Bonds, who has denied using steroids, opens the season 47 home runs shy of the record. He has hit 45 or more in five separate seasons since “Game of Shadows” alleges he began his drug regimen.
The question raises the issue of whether, presuming Bonds breaks the record and is found to have used steroids, his numbers should be scrubbed from the books, or marked with the infamous asterisk.
Okrent argues the numbers should stand, just as they do despite changes in the length of seasons and the conditions under which the game is played.
“A record is a record,” he said. “You can carry whatever asterisk in your head – the 162-game season, players who didn’t have to ride trains all night, whatever it might be.”
In other words, the entire beefed-up era may carry a permanent taint no matter what the records reflect.
As columnist and longtime fan George F. Will observed in a column in March, “The people who care about the record book – serious fans – will know how to read it.
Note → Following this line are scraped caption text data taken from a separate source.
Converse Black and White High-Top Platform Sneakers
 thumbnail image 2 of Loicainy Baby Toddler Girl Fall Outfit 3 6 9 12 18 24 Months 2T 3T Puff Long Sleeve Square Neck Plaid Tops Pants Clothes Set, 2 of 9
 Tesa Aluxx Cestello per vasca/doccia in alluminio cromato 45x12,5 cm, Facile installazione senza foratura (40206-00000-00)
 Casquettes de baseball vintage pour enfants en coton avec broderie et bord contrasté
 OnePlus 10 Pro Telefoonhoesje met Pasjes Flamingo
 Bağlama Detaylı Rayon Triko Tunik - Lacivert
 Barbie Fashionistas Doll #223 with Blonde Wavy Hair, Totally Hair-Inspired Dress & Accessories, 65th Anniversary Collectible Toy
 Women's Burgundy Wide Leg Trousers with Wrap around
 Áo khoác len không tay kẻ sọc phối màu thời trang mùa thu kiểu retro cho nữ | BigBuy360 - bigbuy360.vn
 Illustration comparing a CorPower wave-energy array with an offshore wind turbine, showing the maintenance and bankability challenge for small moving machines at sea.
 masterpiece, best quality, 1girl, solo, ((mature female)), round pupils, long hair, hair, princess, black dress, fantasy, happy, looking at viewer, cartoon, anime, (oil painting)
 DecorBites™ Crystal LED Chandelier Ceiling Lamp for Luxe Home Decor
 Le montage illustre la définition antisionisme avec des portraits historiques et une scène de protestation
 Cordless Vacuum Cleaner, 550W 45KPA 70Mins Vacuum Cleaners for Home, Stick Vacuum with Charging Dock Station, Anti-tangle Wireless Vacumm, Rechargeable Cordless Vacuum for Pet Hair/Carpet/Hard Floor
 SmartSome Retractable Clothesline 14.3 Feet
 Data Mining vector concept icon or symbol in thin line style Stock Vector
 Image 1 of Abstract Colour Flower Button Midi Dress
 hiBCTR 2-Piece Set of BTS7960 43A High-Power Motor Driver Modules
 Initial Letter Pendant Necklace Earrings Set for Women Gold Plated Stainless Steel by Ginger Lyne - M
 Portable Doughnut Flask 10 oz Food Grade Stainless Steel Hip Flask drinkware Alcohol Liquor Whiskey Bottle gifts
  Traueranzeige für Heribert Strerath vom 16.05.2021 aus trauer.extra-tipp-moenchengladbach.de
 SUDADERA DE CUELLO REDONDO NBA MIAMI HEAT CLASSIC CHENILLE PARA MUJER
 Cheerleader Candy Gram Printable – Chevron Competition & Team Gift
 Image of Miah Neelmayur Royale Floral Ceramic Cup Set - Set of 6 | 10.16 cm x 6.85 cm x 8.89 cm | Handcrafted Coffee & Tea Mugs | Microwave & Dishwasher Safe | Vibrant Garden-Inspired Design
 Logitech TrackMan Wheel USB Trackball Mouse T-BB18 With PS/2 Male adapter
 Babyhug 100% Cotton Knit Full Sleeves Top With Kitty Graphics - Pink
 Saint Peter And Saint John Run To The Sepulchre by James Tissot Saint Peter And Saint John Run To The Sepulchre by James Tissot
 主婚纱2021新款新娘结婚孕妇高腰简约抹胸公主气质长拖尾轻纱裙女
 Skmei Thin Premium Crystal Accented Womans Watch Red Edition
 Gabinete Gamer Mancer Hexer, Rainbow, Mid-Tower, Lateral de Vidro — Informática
That may be Bonds’ biggest worry.”
Complicating the issue, some players have said that public criticism of Bonds, who is black and has long had a chilly-at-best relationship with sports writers, is motivated by race.
“It’s a very difficult question,” said Selig’s predecessor, Fay Vincent. “I don’t think so, but I can see where race is a huge problem in American history and we’re going to be dealing with it indefinitely. How can you prove a negative?”
It is impossible to say what role race will play in the chorus of boos Bonds is likely to hear this season, particularly on the road. The Giants begin their season with three games in San Diego, starting Monday.
But the steroid furor makes for a far different atmosphere than Aaron faced in 1973 and 1974, when he faced racial slurs and death threats as he chased and eventually toppled Babe Ruth’s home run record of 714.
If Bonds plays up to his potential, he could pass Ruth in the new season’s opening weeks. And until the facts are clear, Aaron, for one, was preaching caution and fairness in a recent interview with The Atlanta Journal-Constitution.
“I don’t know the answer, and I don’t think anybody does,” the reigning home-run king said. “We all sit here and try to pretend that we do, but we really don’t. Until you’re proven guilty, you’re innocent.”